> [How to complete this task]
Using the records that follow, reproduce exactly the lines starting at the line containing "Imagini Intraorale Lucrari" and ending at the line containing "GDNF Family Receptor". Include both end lines and no pictures.

> [Recorded data]
━━━━━━━━━━━━━━━━━━━━━━━━━━━━━━

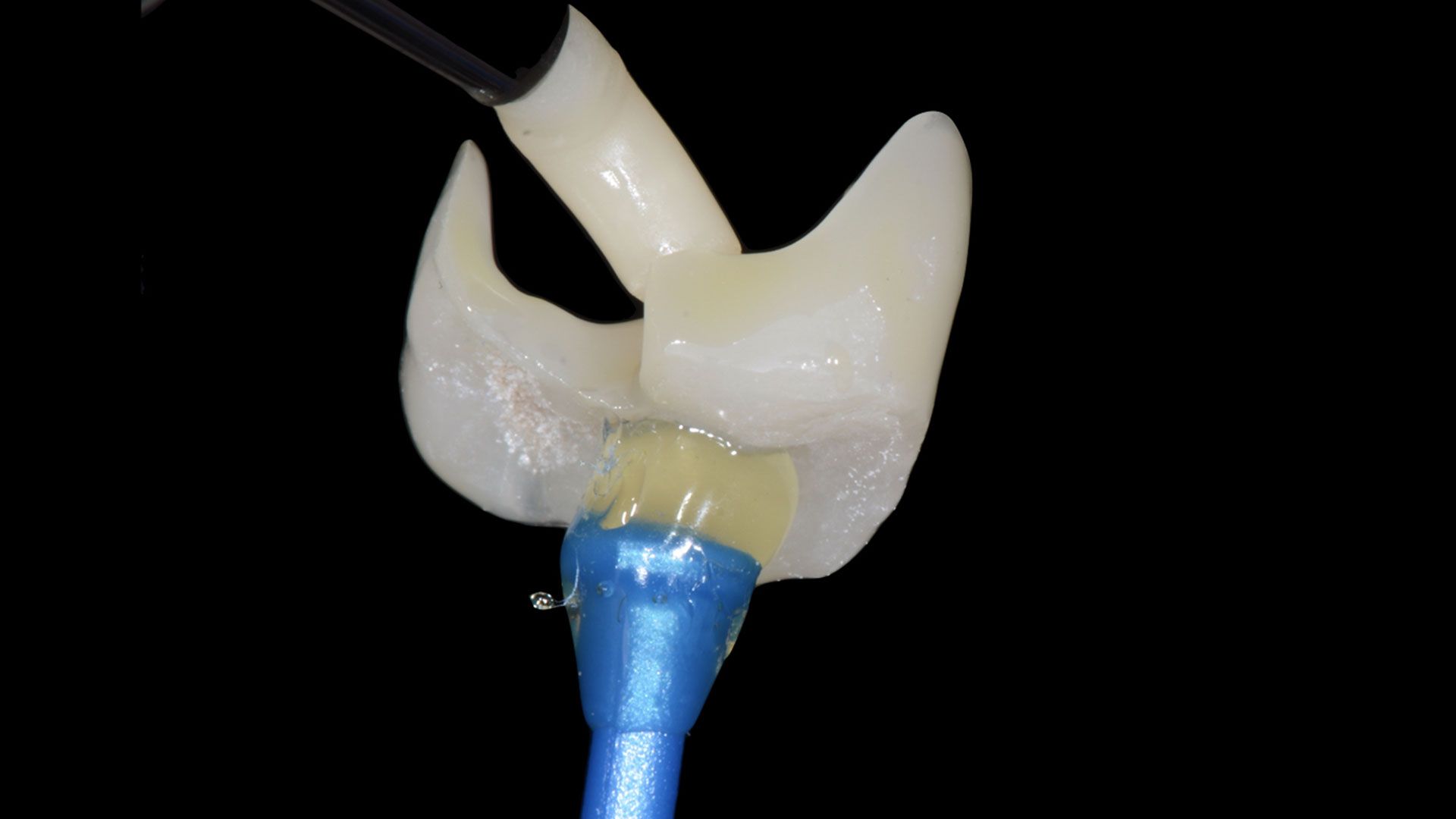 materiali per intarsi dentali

━━━━━━━━━━━━━━━━━━━━━━━━━━━━━━

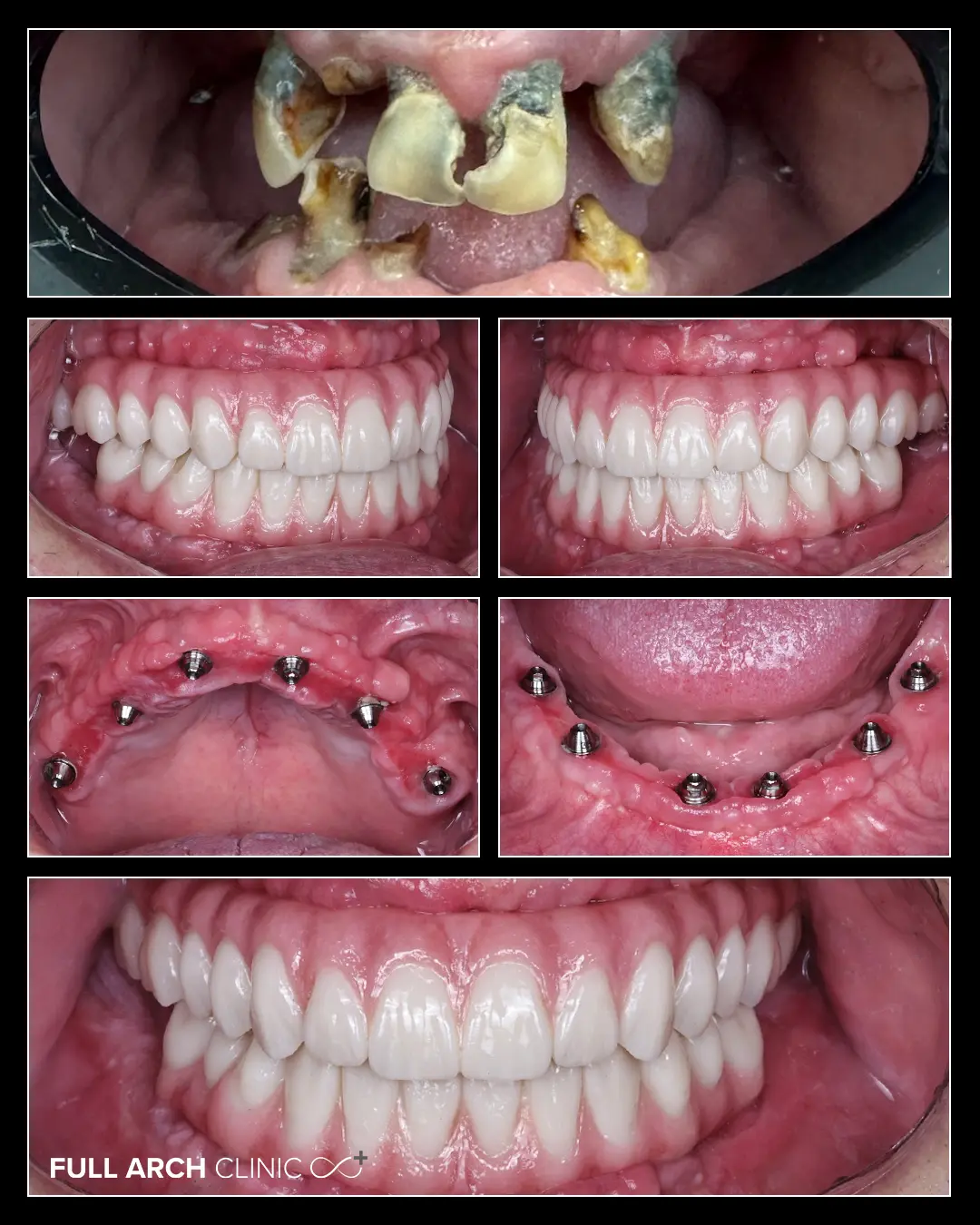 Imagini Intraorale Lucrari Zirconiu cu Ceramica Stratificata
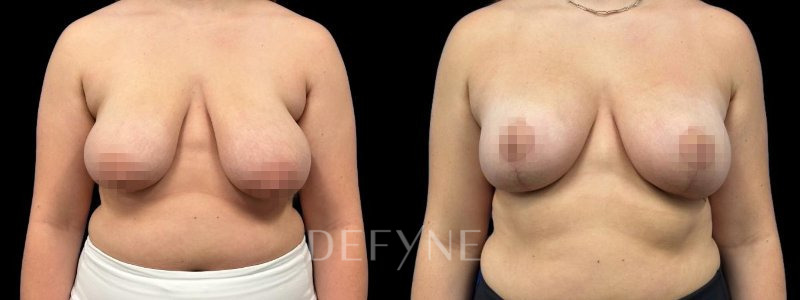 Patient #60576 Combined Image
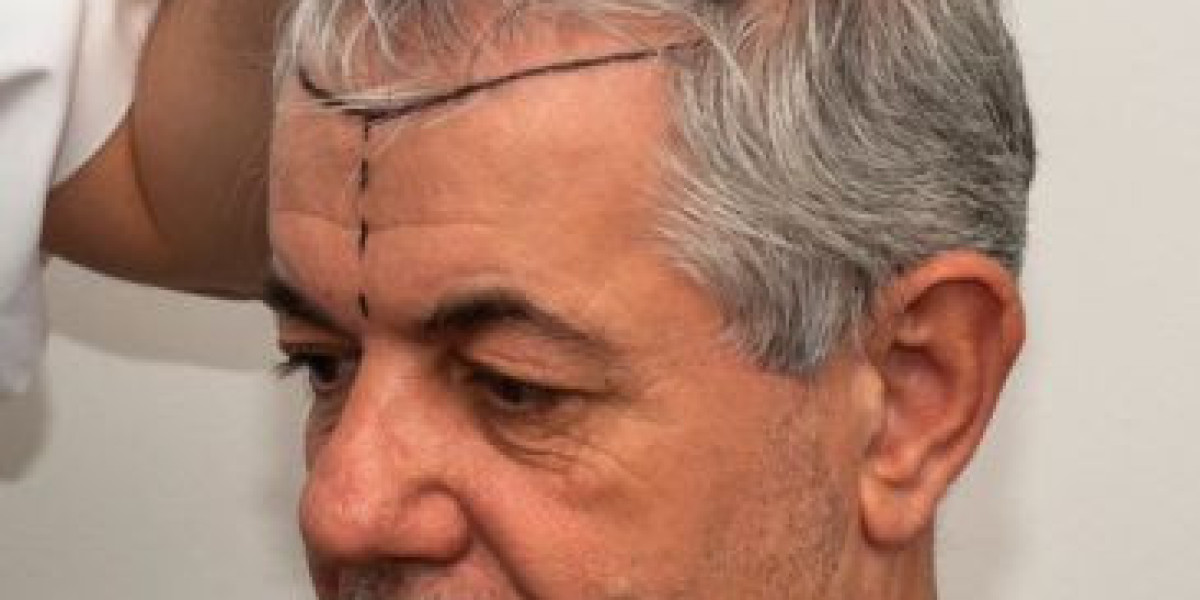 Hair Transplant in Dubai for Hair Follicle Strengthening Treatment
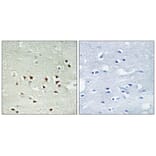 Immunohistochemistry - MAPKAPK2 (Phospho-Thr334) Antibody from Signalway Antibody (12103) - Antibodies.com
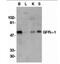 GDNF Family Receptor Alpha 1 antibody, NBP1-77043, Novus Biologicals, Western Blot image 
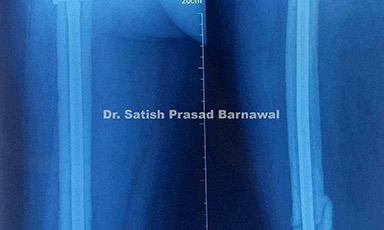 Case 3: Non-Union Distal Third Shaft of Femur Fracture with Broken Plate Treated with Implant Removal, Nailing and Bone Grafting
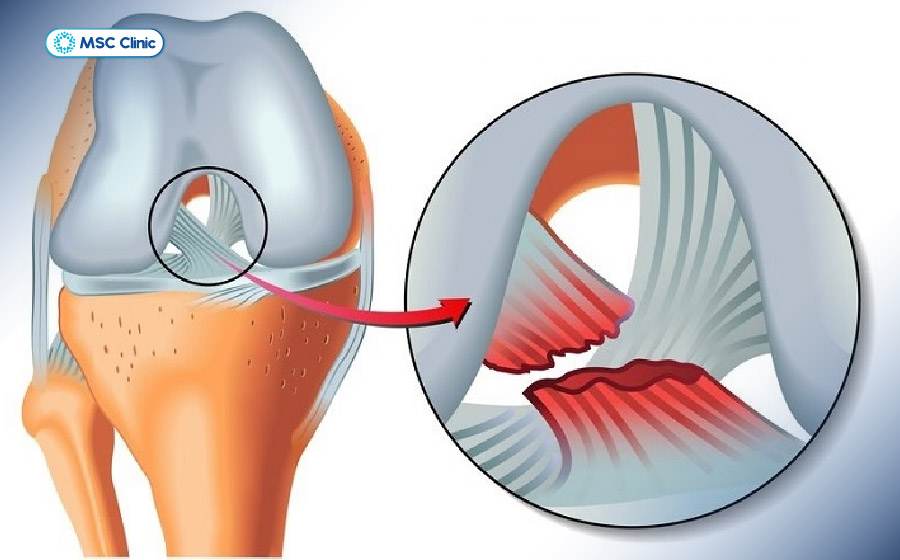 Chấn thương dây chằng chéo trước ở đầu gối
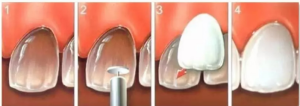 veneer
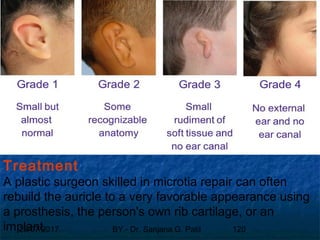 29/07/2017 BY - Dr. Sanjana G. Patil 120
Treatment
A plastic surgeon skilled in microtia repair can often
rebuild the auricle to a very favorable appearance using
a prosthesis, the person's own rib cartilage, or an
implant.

━━━━━━━━━━━━━━━━━━━━━━━━━━━━━━

> [Written reply]
 Imagini Intraorale Lucrari Zirconiu cu Ceramica Stratificata
 Patient #60576 Combined Image
 Hair Transplant in Dubai for Hair Follicle Strengthening Treatment
 Immunohistochemistry - MAPKAPK2 (Phospho-Thr334) Antibody from Signalway Antibody (12103) - Antibodies.com
 GDNF Family Receptor Alpha 1 antibody, NBP1-77043, Novus Biologicals, Western Blot image 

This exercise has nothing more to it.